Using the records below, filter for lines that contain the string "View" and copy them out.

Data records:
>>

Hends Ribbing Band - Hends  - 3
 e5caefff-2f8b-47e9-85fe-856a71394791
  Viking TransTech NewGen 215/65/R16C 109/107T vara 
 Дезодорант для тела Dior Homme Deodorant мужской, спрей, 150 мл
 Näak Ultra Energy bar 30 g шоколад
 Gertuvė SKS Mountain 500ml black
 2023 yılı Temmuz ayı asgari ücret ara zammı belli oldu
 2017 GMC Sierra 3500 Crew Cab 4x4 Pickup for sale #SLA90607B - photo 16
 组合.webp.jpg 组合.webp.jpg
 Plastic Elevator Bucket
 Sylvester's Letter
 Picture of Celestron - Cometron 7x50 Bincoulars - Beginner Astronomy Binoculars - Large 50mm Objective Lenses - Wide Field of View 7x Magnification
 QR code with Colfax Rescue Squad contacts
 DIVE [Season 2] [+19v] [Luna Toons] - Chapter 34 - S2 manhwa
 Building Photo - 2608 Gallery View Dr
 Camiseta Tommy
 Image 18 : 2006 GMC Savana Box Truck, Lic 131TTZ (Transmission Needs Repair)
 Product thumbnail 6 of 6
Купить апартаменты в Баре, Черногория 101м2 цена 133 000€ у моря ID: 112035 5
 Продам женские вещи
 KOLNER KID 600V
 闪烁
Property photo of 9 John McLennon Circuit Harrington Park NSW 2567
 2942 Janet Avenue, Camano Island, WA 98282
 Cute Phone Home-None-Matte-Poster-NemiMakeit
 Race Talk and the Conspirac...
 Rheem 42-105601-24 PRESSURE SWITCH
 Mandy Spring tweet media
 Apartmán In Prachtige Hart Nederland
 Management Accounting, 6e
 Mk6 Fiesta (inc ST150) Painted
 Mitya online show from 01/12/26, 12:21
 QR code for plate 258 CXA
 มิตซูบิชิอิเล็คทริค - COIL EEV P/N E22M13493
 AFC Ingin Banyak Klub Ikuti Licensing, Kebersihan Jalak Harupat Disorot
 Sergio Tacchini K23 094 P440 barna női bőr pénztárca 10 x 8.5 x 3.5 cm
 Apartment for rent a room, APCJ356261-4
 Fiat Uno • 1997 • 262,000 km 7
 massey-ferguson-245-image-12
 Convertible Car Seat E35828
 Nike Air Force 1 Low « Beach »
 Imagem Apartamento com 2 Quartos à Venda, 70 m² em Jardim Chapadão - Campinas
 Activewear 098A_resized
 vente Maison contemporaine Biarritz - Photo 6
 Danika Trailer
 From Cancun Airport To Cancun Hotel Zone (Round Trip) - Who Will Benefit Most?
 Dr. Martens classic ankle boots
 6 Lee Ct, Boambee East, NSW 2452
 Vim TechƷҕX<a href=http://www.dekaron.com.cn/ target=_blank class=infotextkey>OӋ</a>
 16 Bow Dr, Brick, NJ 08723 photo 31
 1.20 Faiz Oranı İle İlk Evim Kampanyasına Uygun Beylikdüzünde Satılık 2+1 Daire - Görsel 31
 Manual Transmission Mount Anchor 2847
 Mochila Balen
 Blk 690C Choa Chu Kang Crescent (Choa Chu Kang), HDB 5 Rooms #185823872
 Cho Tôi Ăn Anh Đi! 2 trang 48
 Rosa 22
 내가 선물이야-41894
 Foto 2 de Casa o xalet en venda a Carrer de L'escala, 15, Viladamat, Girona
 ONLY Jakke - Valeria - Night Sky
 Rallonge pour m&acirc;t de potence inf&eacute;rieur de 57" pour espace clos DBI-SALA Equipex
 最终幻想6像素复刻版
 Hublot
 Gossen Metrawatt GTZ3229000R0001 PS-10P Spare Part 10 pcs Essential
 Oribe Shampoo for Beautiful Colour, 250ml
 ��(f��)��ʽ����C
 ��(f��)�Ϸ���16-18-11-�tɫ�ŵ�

<<

Problem solution:
 Picture of Celestron - Cometron 7x50 Bincoulars - Beginner Astronomy Binoculars - Large 50mm Objective Lenses - Wide Field of View 7x Magnification
 Building Photo - 2608 Gallery View Dr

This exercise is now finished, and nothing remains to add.